In our recent KDD paper, with Polina Rozenshtein, Aris Anagnostopoulos, and Nikolaj Tatti, we worked on the problem of finding events in graphs. We abstracted the event-finding problem with the following simple formulation: Given a graph with node weights and edge distances, find a subset of nodes (the event) that have large sum of weights and are well connected. In the paper we showed how to use this formulation to find interesting events in real-world datasets. For example, using data crawled from the Barcelona public bike-sharing system, we are able to find the time and place of various city festivals, such as the Primavera Sound music festival, on June 1, 2012 (left figure below), and the neighborhood festival of Poblenou, on September 18, 2012 (right figure).

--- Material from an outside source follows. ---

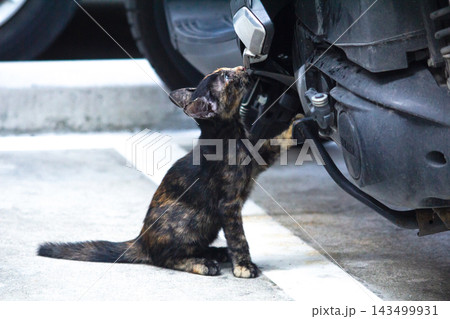The curious kitten is standing and examining a motorcycle to check its engine. The curious kitten is standing and examining a motorcycle to check its engine. 143499931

In addition to getting this kind of nice figures, the paper makes some interesting algorithmic connections, which I would like to discuss here. First, let’s go back to the objective function and see what it means for the nodes of the event subgraph to be well connected. There are many ways to express this. One way that we consider in the paper is to ask to minimize the sum of distances over all pairs of nodes in the subgraph. Since we also want to find nodes with large weights, we can combine the two objectives by asking to maximize the sum of node weights minus the sum of all pairwise distances (plus some constant term to ensure that the objective is non-negative).
This resembles the densest-subgraph problem. While in general finding dense subgraphs is a very difficult computational task, there is one formulation that is “easy.” In particular, it is possible to find in polynomial time a subgraph with maximum average degree. This was shown in 1984 by Andrew Goldberg, in a technical report, and the proof involves a very pretty mapping of the density problem to the min-cut problem.
Inspired by Goldberg’s technique, we can map the event-finding problem to a graph cut problem, but this time to max-cut. This is an important difference, since while the min-cut problem is polynomially-time solvable, the max-cut problem is NP-hard. But an approximation algorithm, due to Goemans and Williamson, which is based on the semidefinite-programming (SDP) method, provides an approximation guarantee of 0.878 for the max-cut problem. So by applying Goldberg’s technique we can map our problem to max-cut, and then we can use the SDP method to obtain the same approximation factor of 0.878. Pretty neat.
What about practical considerations? Solving SDPs is not scalable to very large graphs. Hopefully, one can show that our objective function is submodular, so we can apply a greedy randomized algorithm and get an approximation guarantee of 1/2. And while the SDP method is theoretically superior, in practice the greedy is as good.